[[ DATASET ENTRIES, beginning ]]
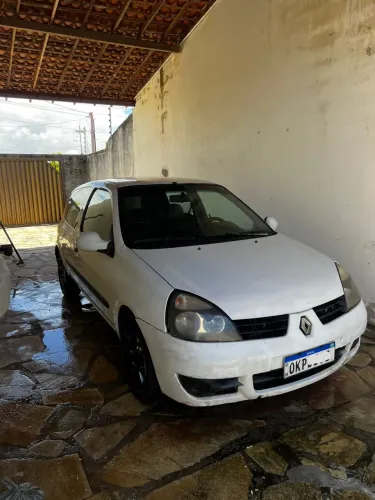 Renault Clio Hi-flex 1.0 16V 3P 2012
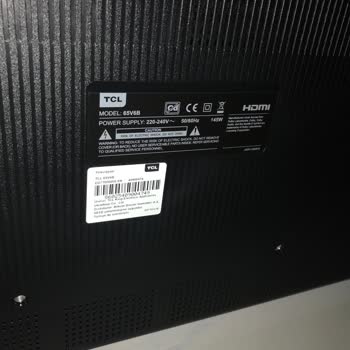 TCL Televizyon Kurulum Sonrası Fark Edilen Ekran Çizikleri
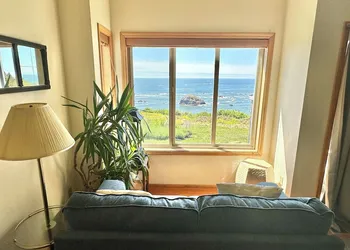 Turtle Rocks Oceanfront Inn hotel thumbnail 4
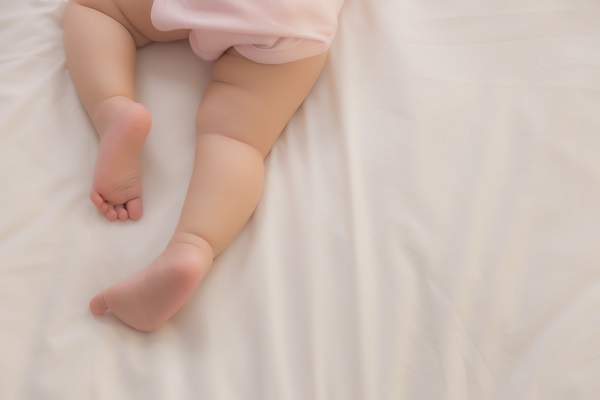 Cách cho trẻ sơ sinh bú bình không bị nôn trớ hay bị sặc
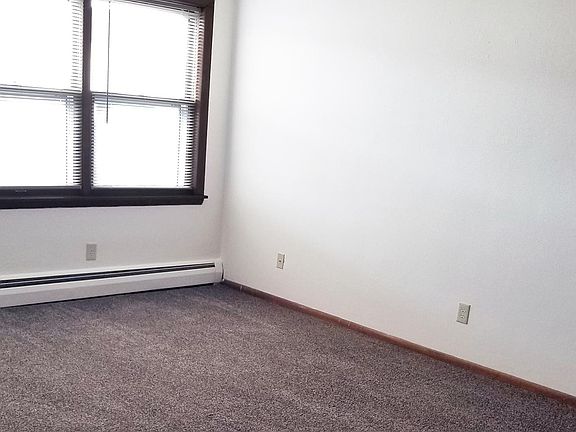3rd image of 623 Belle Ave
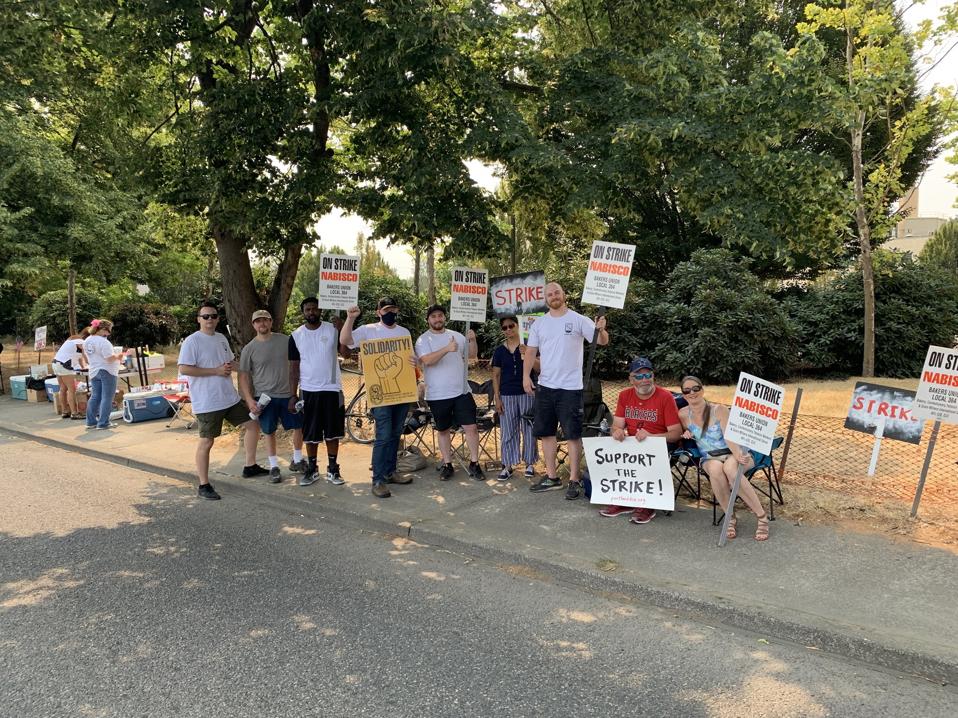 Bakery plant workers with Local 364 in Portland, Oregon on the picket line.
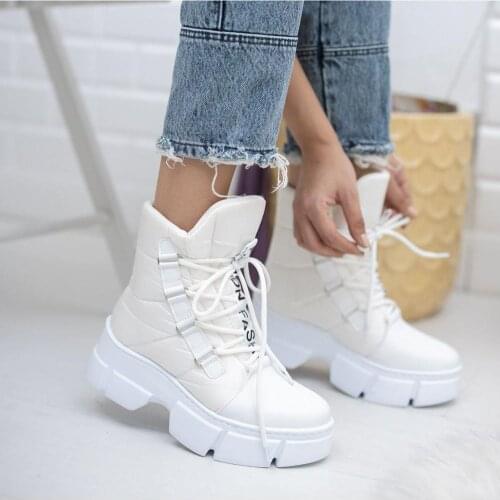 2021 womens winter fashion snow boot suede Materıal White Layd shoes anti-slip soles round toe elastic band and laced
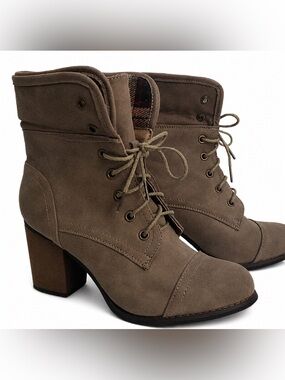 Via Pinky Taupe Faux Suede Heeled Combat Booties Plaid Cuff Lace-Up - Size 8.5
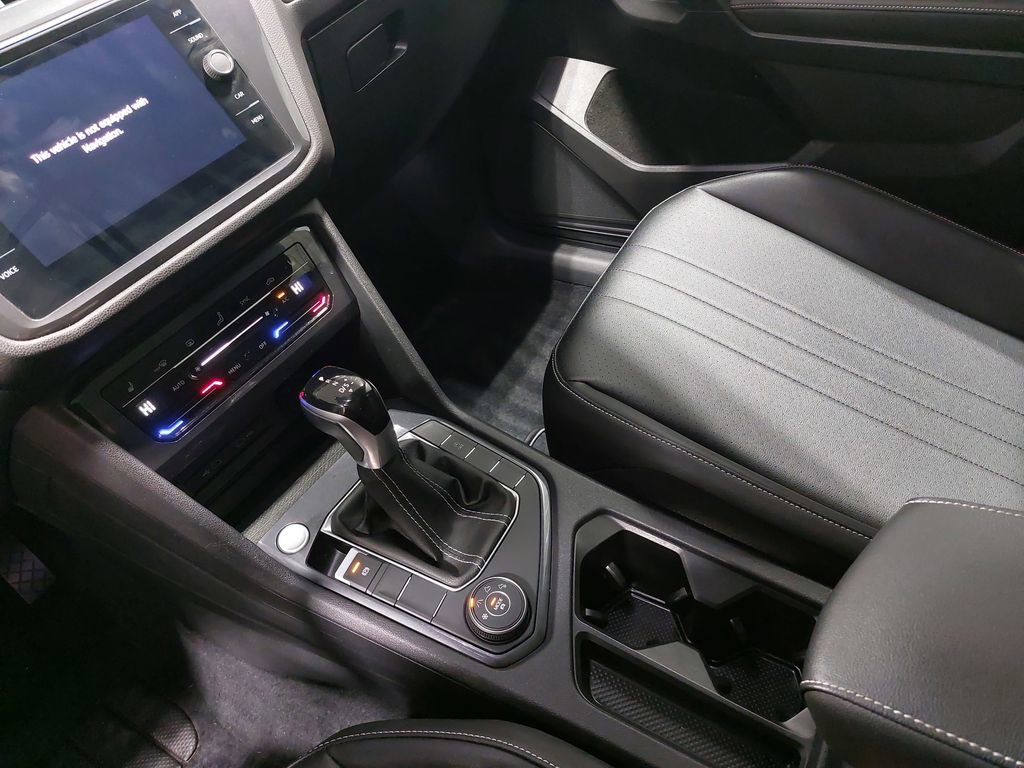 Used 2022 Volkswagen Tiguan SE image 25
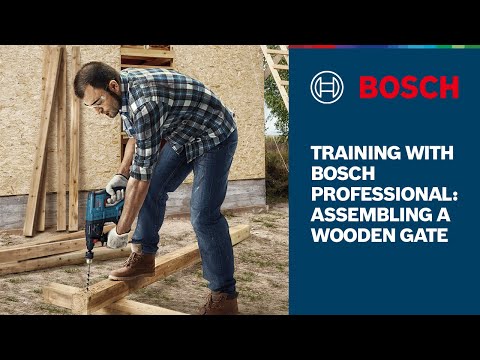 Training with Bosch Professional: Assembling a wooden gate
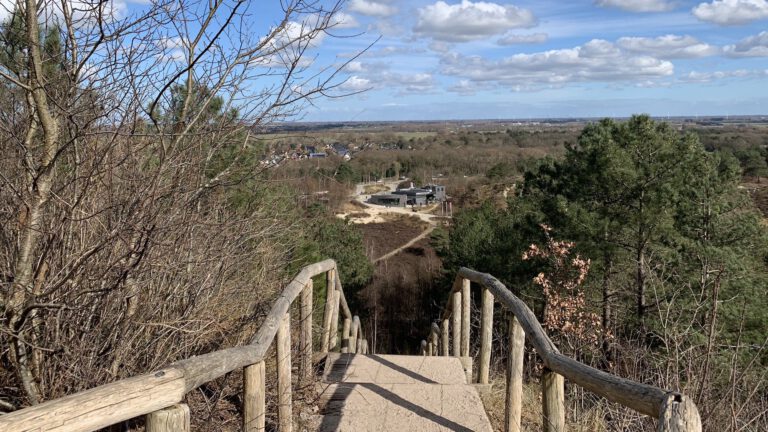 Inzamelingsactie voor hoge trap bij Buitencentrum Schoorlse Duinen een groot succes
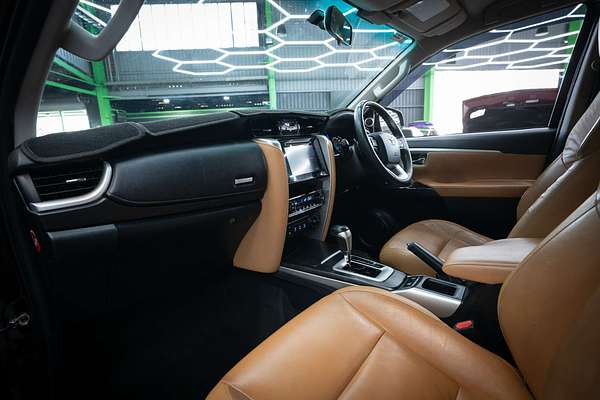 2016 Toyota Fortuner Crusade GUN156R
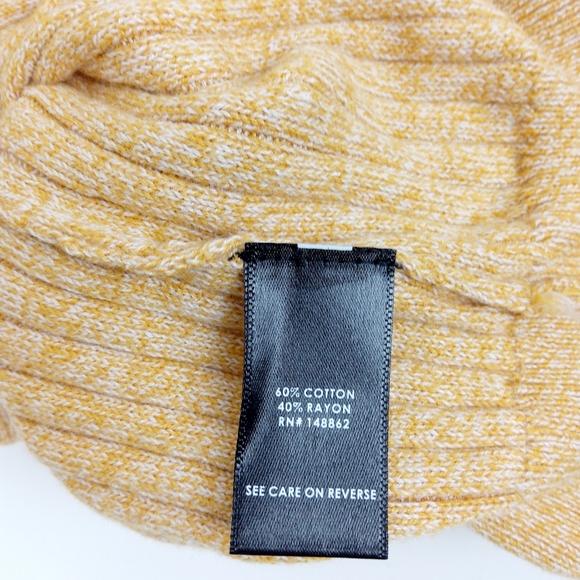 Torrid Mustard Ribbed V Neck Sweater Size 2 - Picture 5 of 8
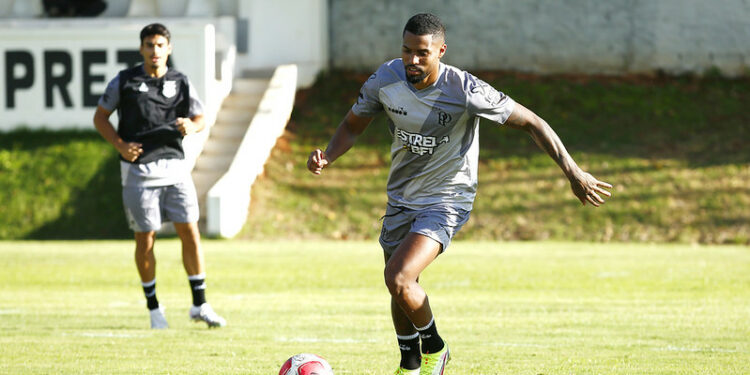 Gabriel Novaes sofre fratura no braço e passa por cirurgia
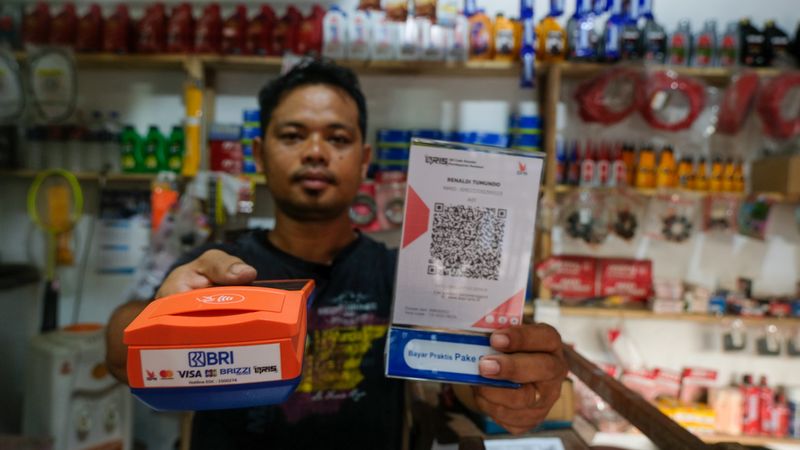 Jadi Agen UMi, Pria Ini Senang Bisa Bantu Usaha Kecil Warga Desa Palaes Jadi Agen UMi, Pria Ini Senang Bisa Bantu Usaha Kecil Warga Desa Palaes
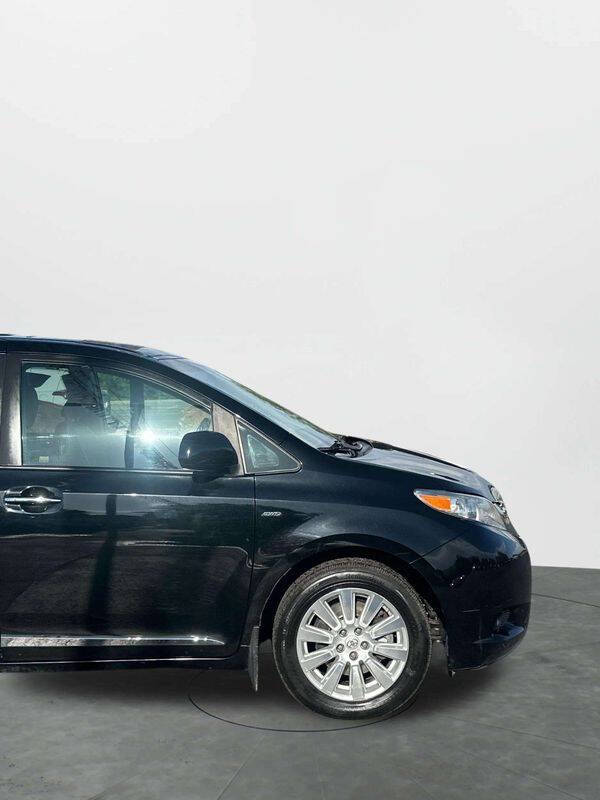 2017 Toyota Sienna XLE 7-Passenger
[[ DATASET ENTRIES, end ]]
TRY IT
Return only the lines from the one that contains "Gabriel Novaes sofre" through the closing line of the data, inclusive, reproduced exactly and with every picture left out.

TASK ANSWER
 Gabriel Novaes sofre fratura no braço e passa por cirurgia
 Jadi Agen UMi, Pria Ini Senang Bisa Bantu Usaha Kecil Warga Desa Palaes Jadi Agen UMi, Pria Ini Senang Bisa Bantu Usaha Kecil Warga Desa Palaes
 2017 Toyota Sienna XLE 7-Passenger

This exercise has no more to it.